● **Problem details**
Return all of the entries below, word for word. Omit each picture.

● **Data provided**
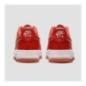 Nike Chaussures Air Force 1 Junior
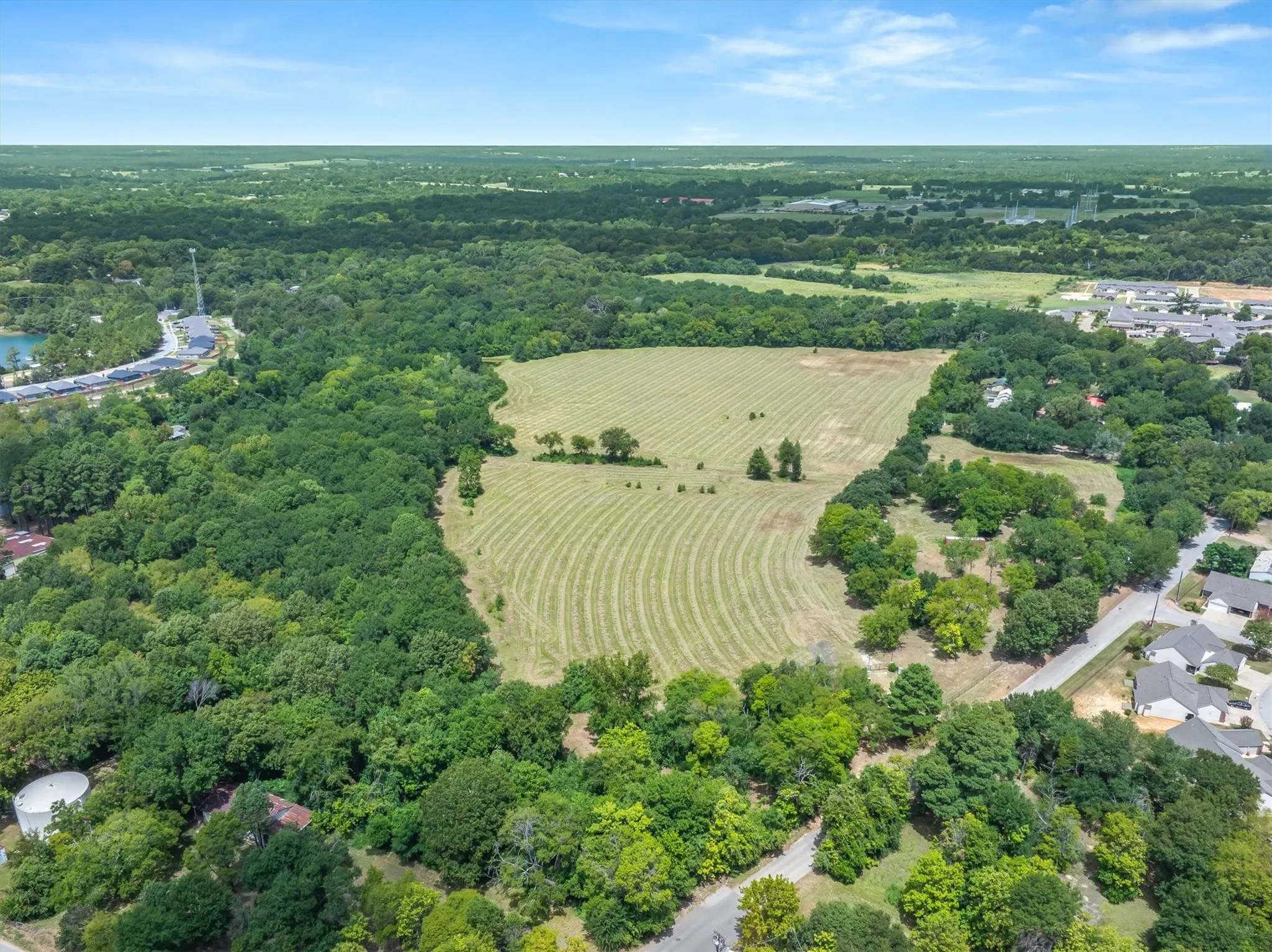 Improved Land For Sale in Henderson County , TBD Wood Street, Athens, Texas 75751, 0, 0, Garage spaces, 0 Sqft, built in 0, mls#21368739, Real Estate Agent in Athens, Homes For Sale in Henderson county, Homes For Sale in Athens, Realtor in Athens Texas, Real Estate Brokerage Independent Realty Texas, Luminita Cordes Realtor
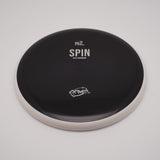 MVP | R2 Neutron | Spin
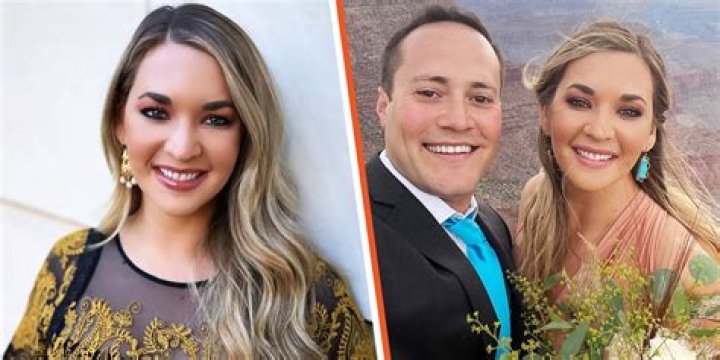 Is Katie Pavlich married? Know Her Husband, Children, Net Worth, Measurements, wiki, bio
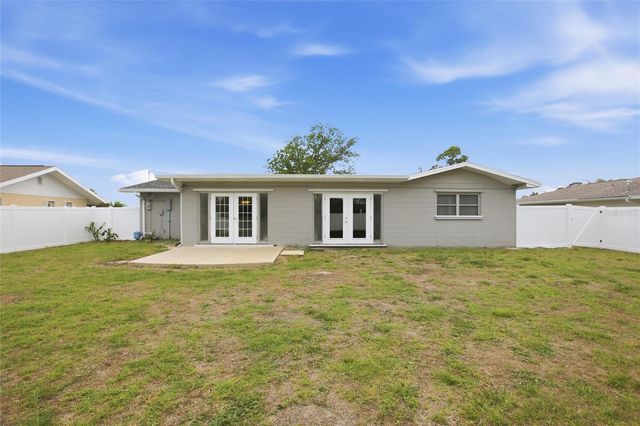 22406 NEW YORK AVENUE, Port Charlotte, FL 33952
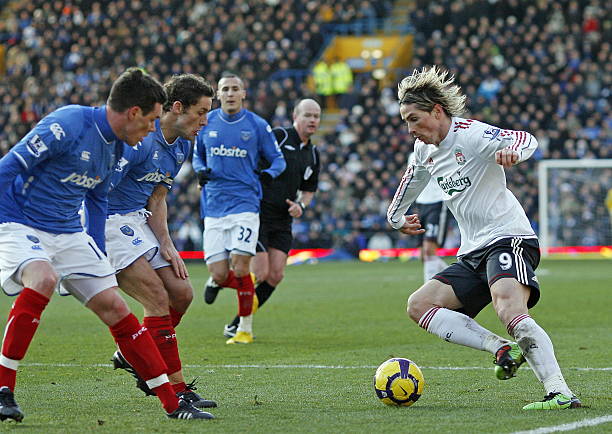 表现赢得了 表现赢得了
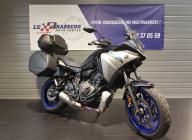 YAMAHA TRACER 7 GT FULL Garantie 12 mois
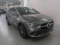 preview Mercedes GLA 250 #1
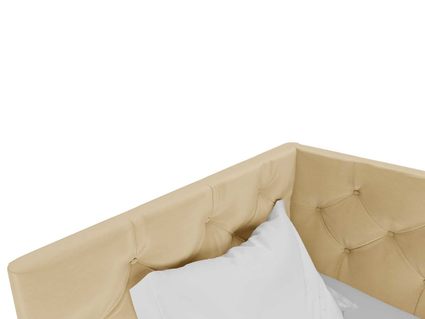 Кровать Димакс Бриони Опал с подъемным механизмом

● **Response**
 Nike Chaussures Air Force 1 Junior
 Improved Land For Sale in Henderson County , TBD Wood Street, Athens, Texas 75751, 0, 0, Garage spaces, 0 Sqft, built in 0, mls#21368739, Real Estate Agent in Athens, Homes For Sale in Henderson county, Homes For Sale in Athens, Realtor in Athens Texas, Real Estate Brokerage Independent Realty Texas, Luminita Cordes Realtor
 MVP | R2 Neutron | Spin
 Is Katie Pavlich married? Know Her Husband, Children, Net Worth, Measurements, wiki, bio
 22406 NEW YORK AVENUE, Port Charlotte, FL 33952
 表现赢得了 表现赢得了
 YAMAHA TRACER 7 GT FULL Garantie 12 mois
 preview Mercedes GLA 250 #1
 Кровать Димакс Бриони Опал с подъемным механизмом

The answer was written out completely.